▸ DIRECTIONS FOR THIS TASK:
From the first line to the last, copy the listing exactly and omit the pictures.

▸ AVAILABLE DATA:
┄┄┄┄┄┄┄┄┄┄

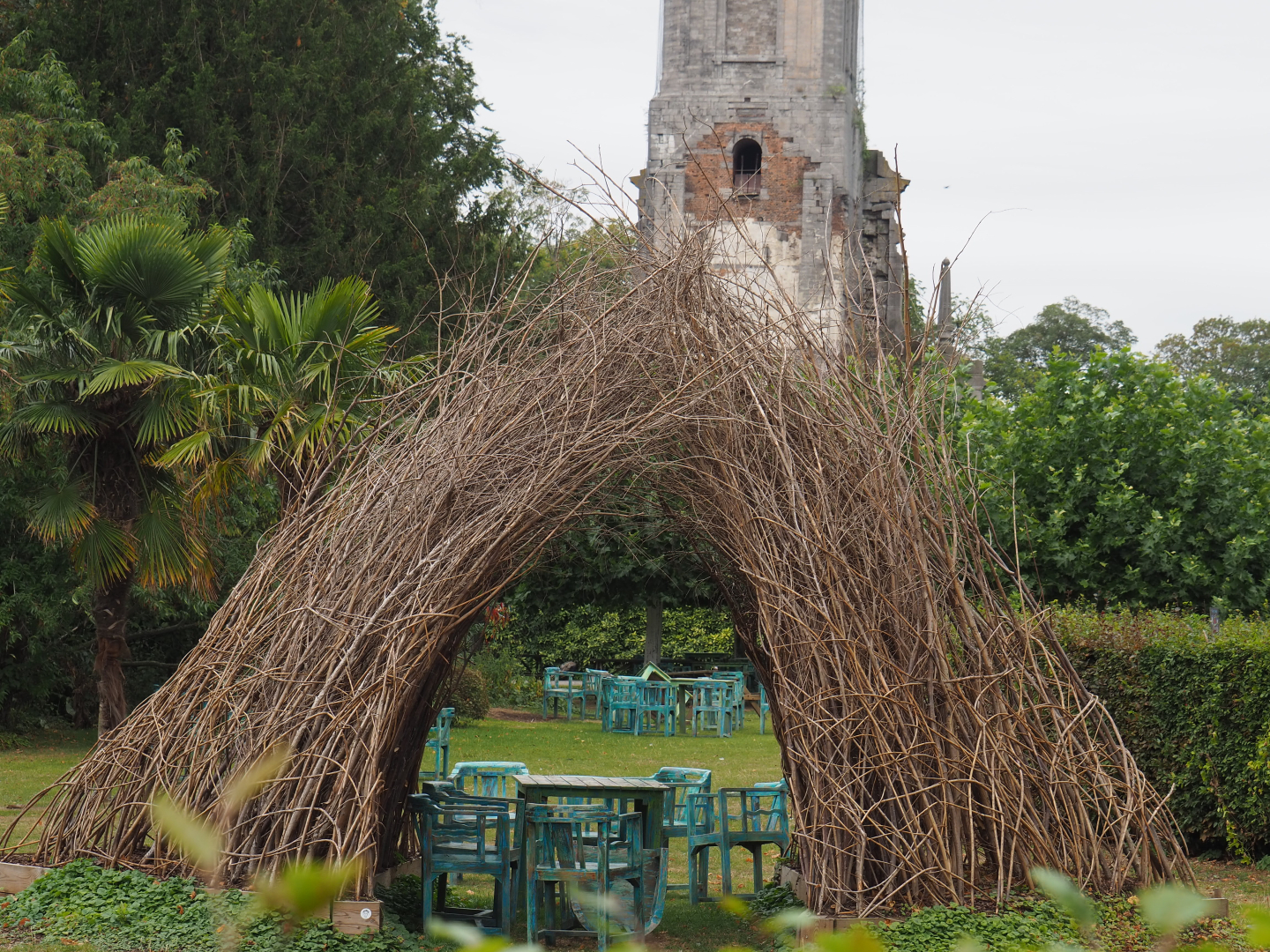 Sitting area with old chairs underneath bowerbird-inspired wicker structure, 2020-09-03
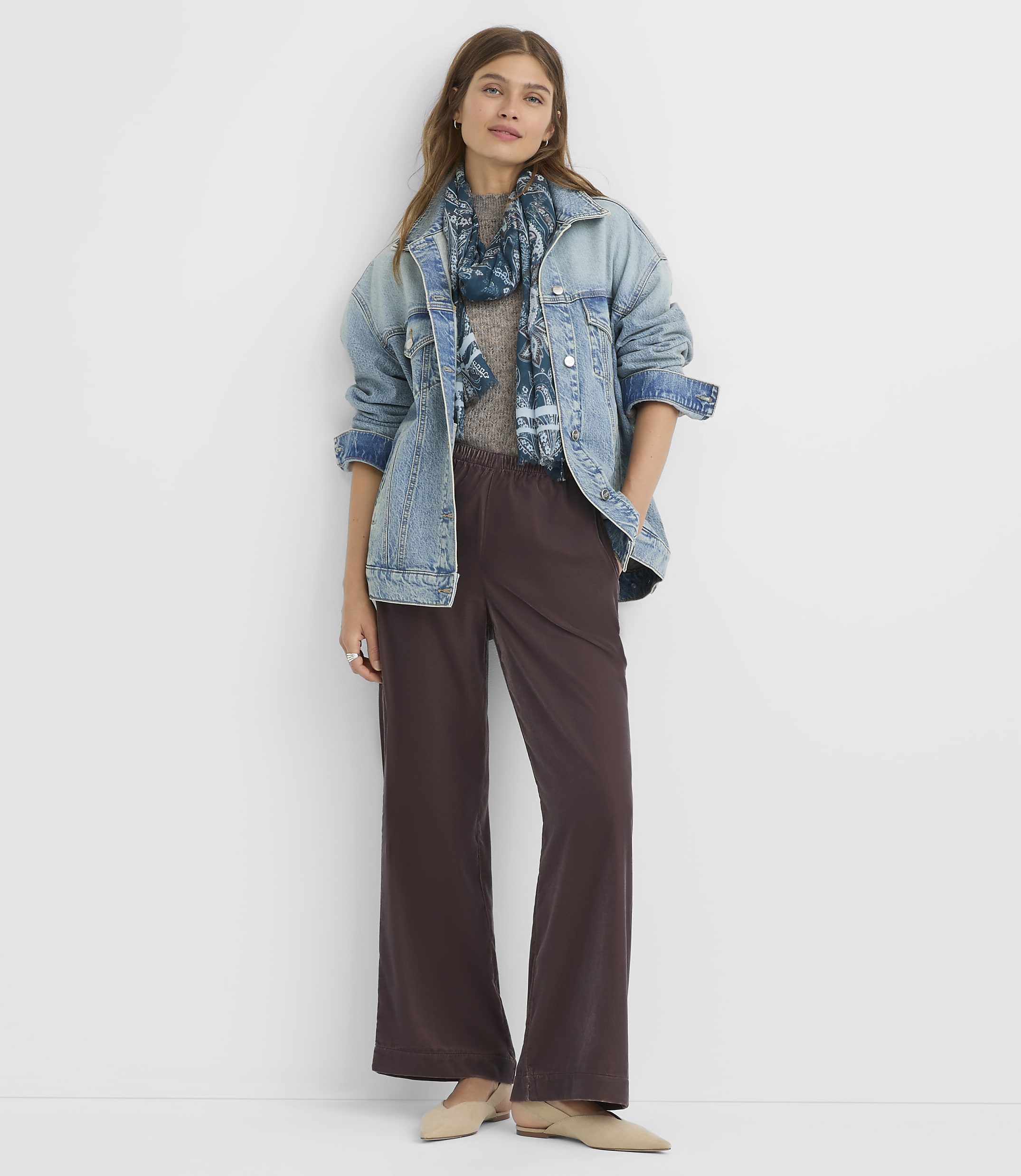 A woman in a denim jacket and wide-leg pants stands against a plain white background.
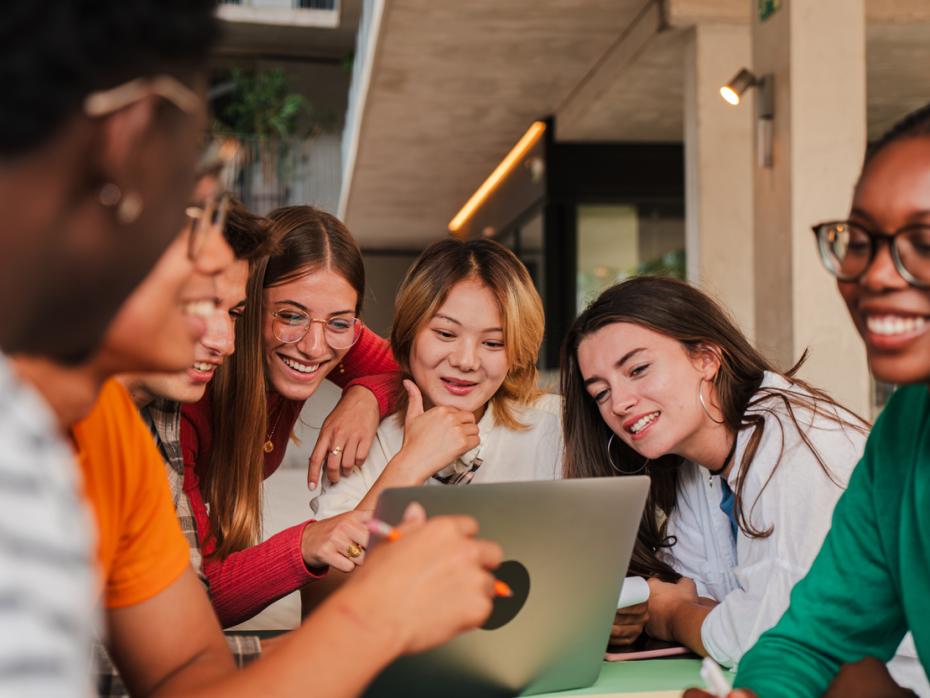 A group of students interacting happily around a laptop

┄┄┄┄┄┄┄┄┄┄

▸ RESPONSE:
 Sitting area with old chairs underneath bowerbird-inspired wicker structure, 2020-09-03
 A woman in a denim jacket and wide-leg pants stands against a plain white background.
 A group of students interacting happily around a laptop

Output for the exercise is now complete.